In 1918, the Canadian War Memorials Fund commissioned paintings and sculptures depicting women’s work on the home front as part of its project to document Canada’s participation in the war. Manly Edward MacDonald painted scenes of women working in the fields, including Apple Picking and Land Girls Hoeing. They are now part of the Beaverbrook Collection of War Art at the Canadian War Museum.
Different accounts place these paintings of farmerettes in the Bay of Quinte area or the Niagara Peninsula, both truck farming (market garden) areas in Ontario. The Farm Service Corps was an Ontario government program to recruit young women to do paid farm work, replacing men who became soldiers. (Women have always worked beside men on their family farms, of course.)
Land Girls Hoeing is high on a wall in the museum’s display of WW1 on the home front.
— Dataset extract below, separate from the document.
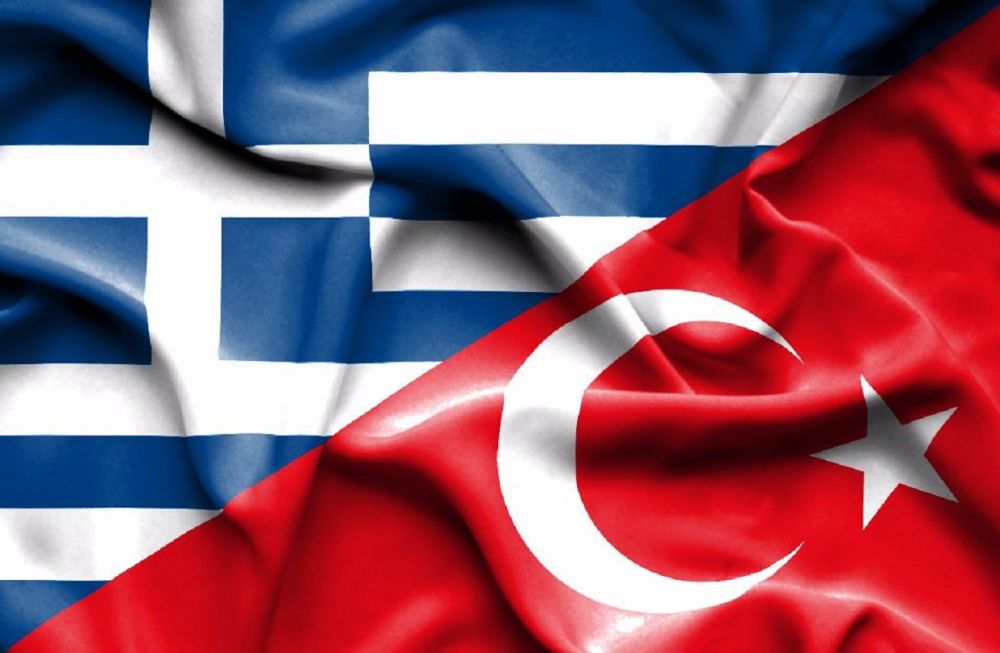 ΓΕΩΣΤΡΑΤΗΓΙΚΗ : Τι θα συμβεί σε ενδεχόμενο πόλεμο Ελλάδας-Τουρκίας ; Ποιος είναι ο πραγματικός ρόλος της Γερμανίας, στα Ελληνοτουρκικά ;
Apple Picking was brought out of storage for a special exhibit on women and war earlier this year. A shame that they are not seen as companion pieces at eye level on permanent display.
September 28, 2016 at 06:03
Thank you for bringing these paintings to our attention. I did not know about them.
September 28, 2016 at 09:15
I’m coming around to Beaverbrook’s idea to house the war art he commissioned as a collection in a war memorial building. What we can see at the War Museum is fine, but only a small proportion is on display and often displayed as wallpaper.